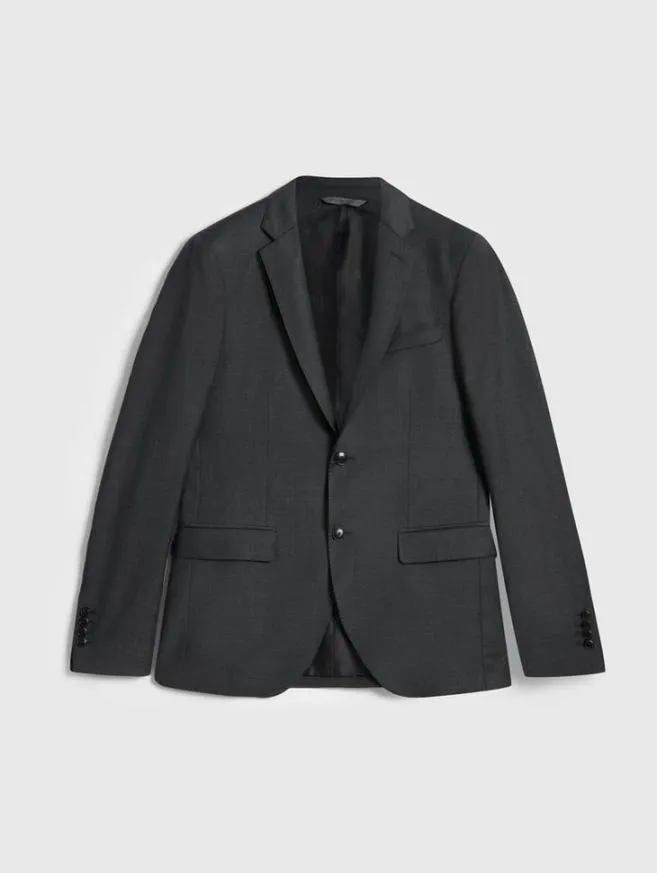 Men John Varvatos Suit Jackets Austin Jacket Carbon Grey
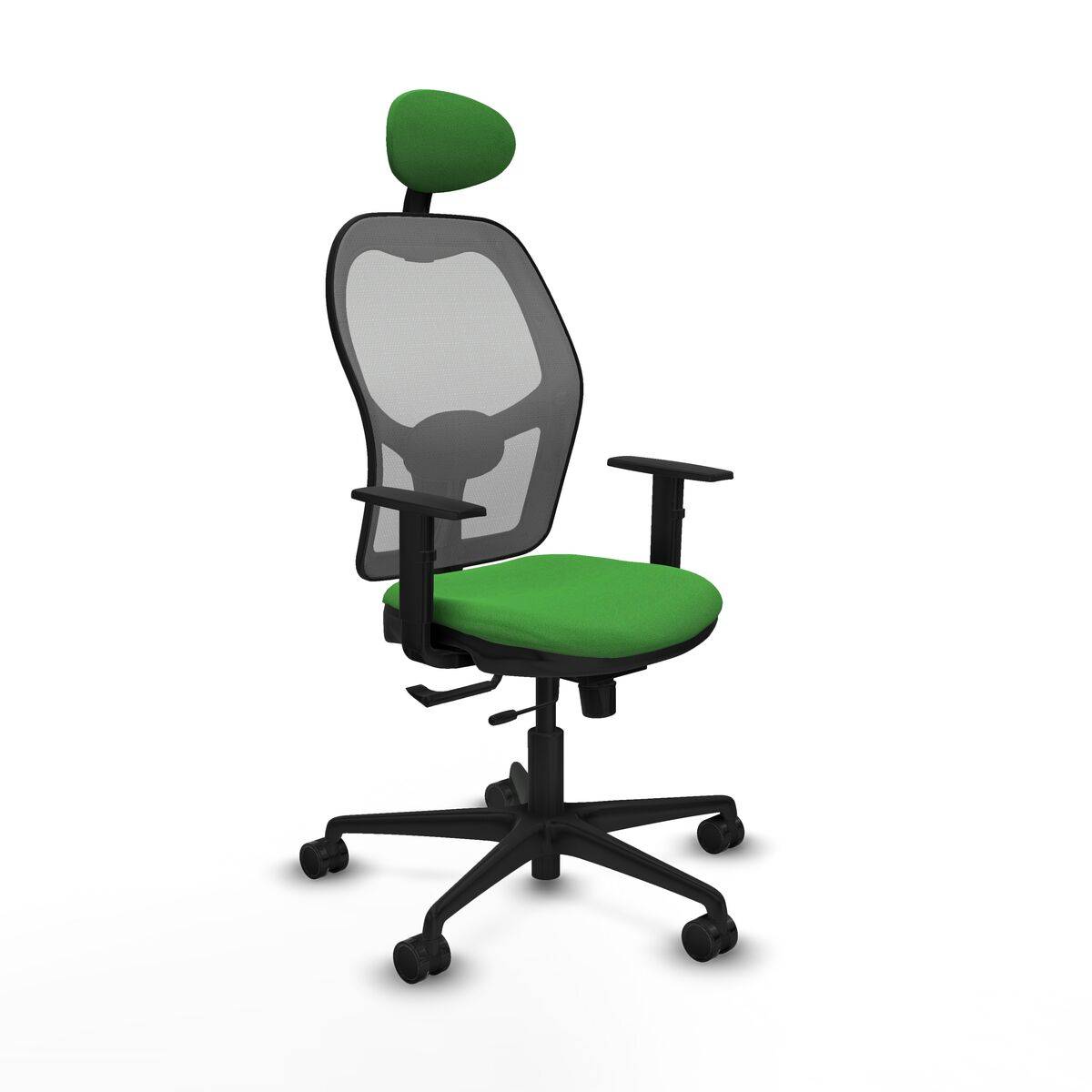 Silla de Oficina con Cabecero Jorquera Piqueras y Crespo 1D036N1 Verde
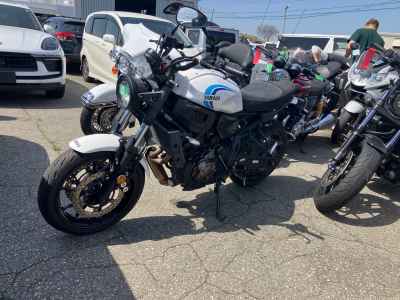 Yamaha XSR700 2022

Action item: Only the pictures are to be left out; print everything else in the listing exactly.

Answer box:
 Men John Varvatos Suit Jackets Austin Jacket Carbon Grey
 Silla de Oficina con Cabecero Jorquera Piqueras y Crespo 1D036N1 Verde
 Yamaha XSR700 2022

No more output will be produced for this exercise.